When the War broke out, Job Tilden became a lieutenant, and his slave Cuffe joined the militia, adopting his master’s last name. Cuffe served in Capt. Samuel King’s Company, Col. Josiah Whitney’s Regiment at Hull from July 17 to November 1, 1776. He enlisted in Col. John Baileys 2nd Massachusetts Regiment in March, 1777. The 2nd Mass. Regiment saw action at the Battle of Saratoga in the Fall of 1777.

Cuffe Tilden died at Valley Forge on January 28th, 1778. He was buried in an unmarked grave, like many who died at Valley Forge, alongside his fellow soldiers.

He was twenty-two years old.


Prince Bailey / Dunsick

“When I was about eight years of age, I was stolen from Africa my native country and brought to America; my original name was Dinsick—but on my arrival I was called by may masters name which was Bailey.”

Prince Bailey was a slave of George Bailey of Hanover who enlisted in Col. John Bailey’s 2nd Massachusetts Regiment in March, 1777. He served the full term of three years. He was in the battle of Saratoga, survived the winter at Valley Forge, and saw action at the Battle of Monmouth. He was discharged honorably in 1780.

He returned to Hanover where he married Hannah Vineson and moved to Leeds, Maine. They had no children. He petitioned for a pension in 1818, but died poor, in 1831.
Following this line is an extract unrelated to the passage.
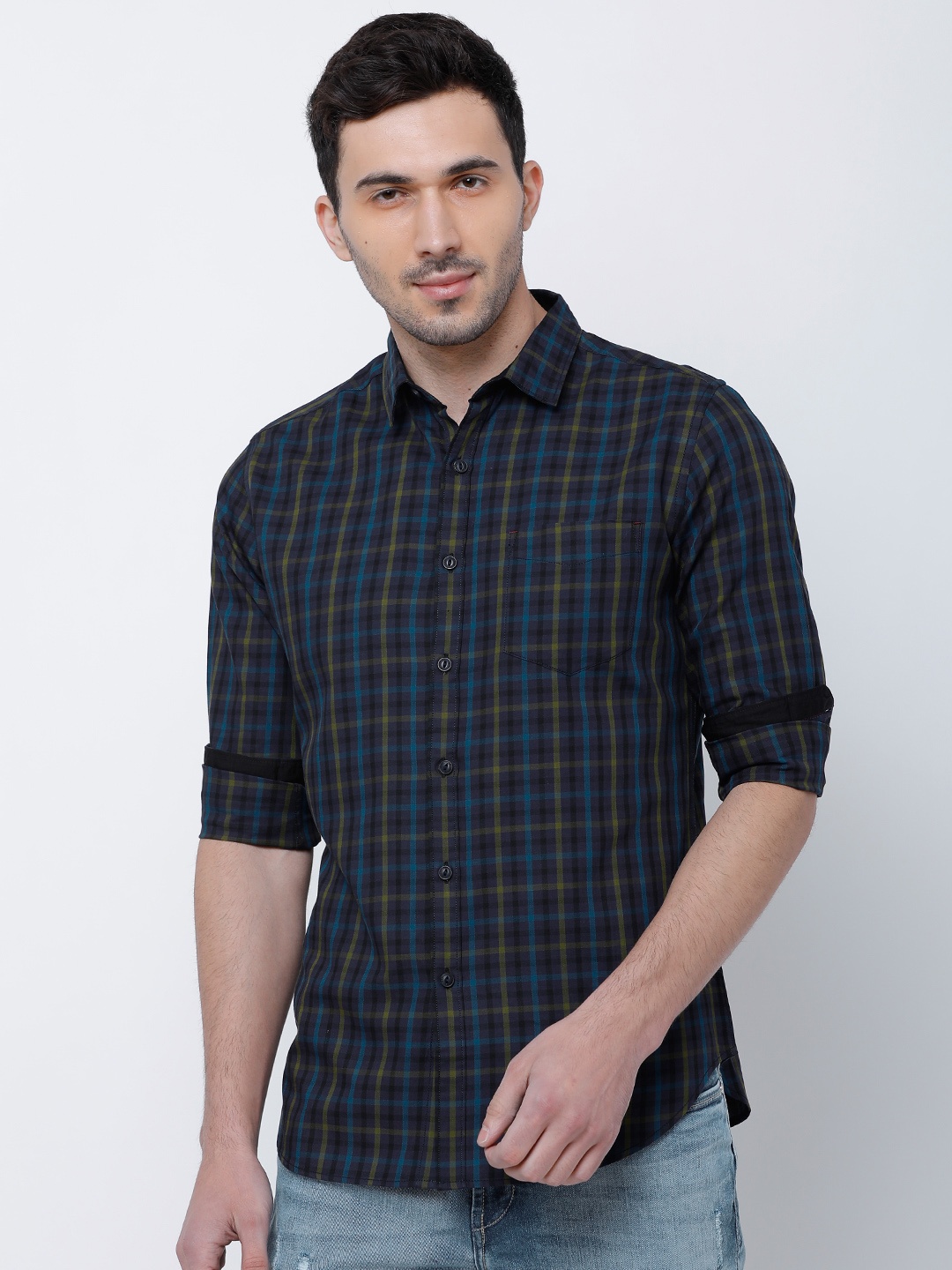 

LOCOMOTIVE Men Navy Blue & Green Slim Fit Checked Casual Shirt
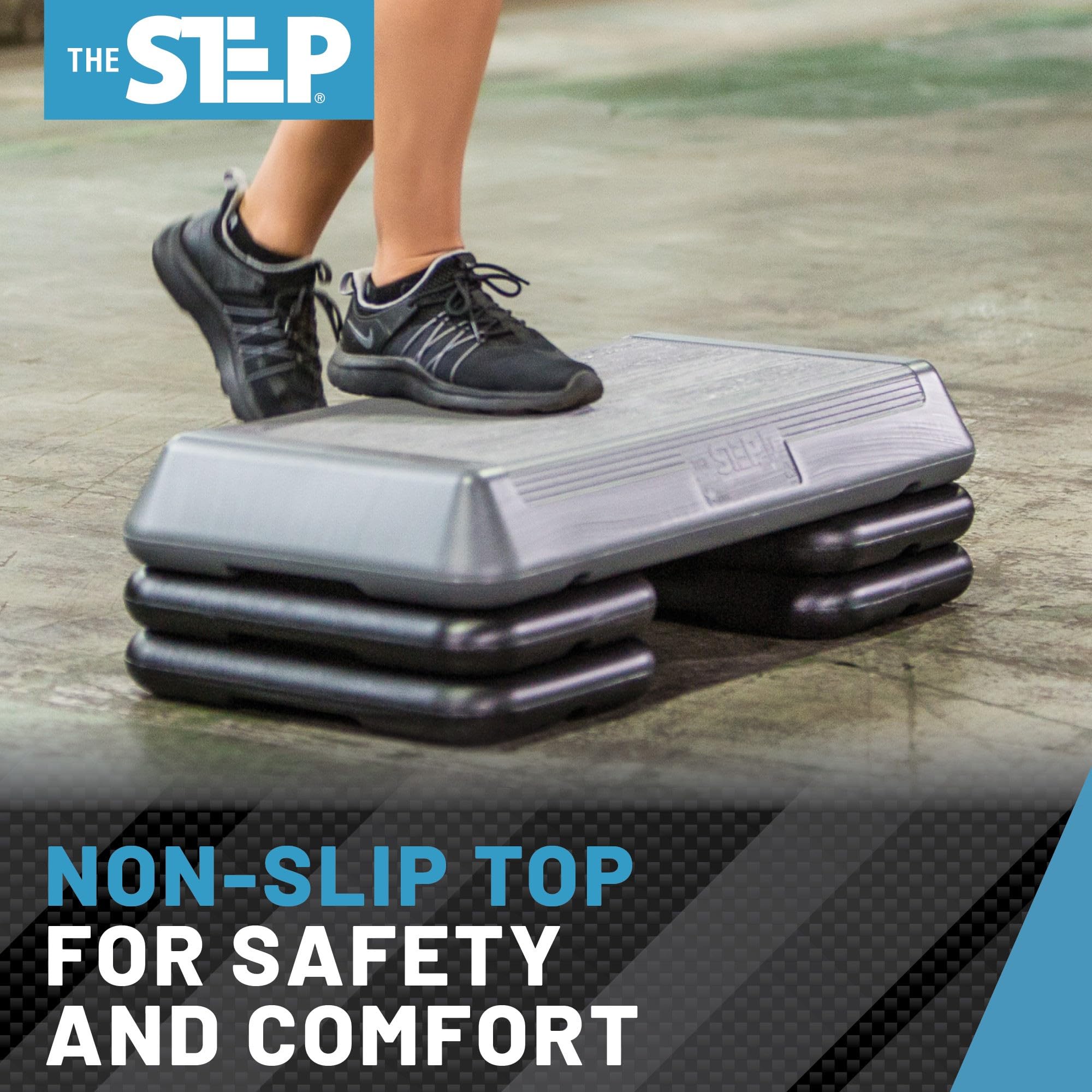Adjustable Aerobic Stepper Platform with Risers - Home Workout Stair Stepper for Cardio Exercise & Fitness Training - Perfect for Home Gym, HIIT Workouts, and Step Aerobics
He was eighty-two years old.


Muster List
Captain Webb’s 12th Division of Six Months Men
July 11, 1780
Hanover Historical Society

As the Revolutionary war dragged on, more volunteer and enlistments were needed, from different parts of the colonies and different occupations. This is a list of men enlisting for six months service under Capt. George Webb (1740-1825). Capt. Webb was the commanding officer for the famous Deborah Sampson during his service. The enlistments here joined in Springfield, Massachusetts in July of 1780, when most of the fighting had moved to the Southern colonies. The document lists names, appearance, occupation, and town of origin. Among the forty-one names, there were twenty-nine farmers and eight other occupations. The youngest name was sixteen, and the oldest forty-six. Eleven were under twenty years old, twenty-five in their twenties, and four were thirty or older. Nineteen were from Essex County, fifteen from Plymouth County, two from Worcester County, four from Bristol County and one unknown. Of the fifteen men who enlisted from Hanover on this list, eight were farmers, two housewrights, two smiths, one carpenter, and one forgeman.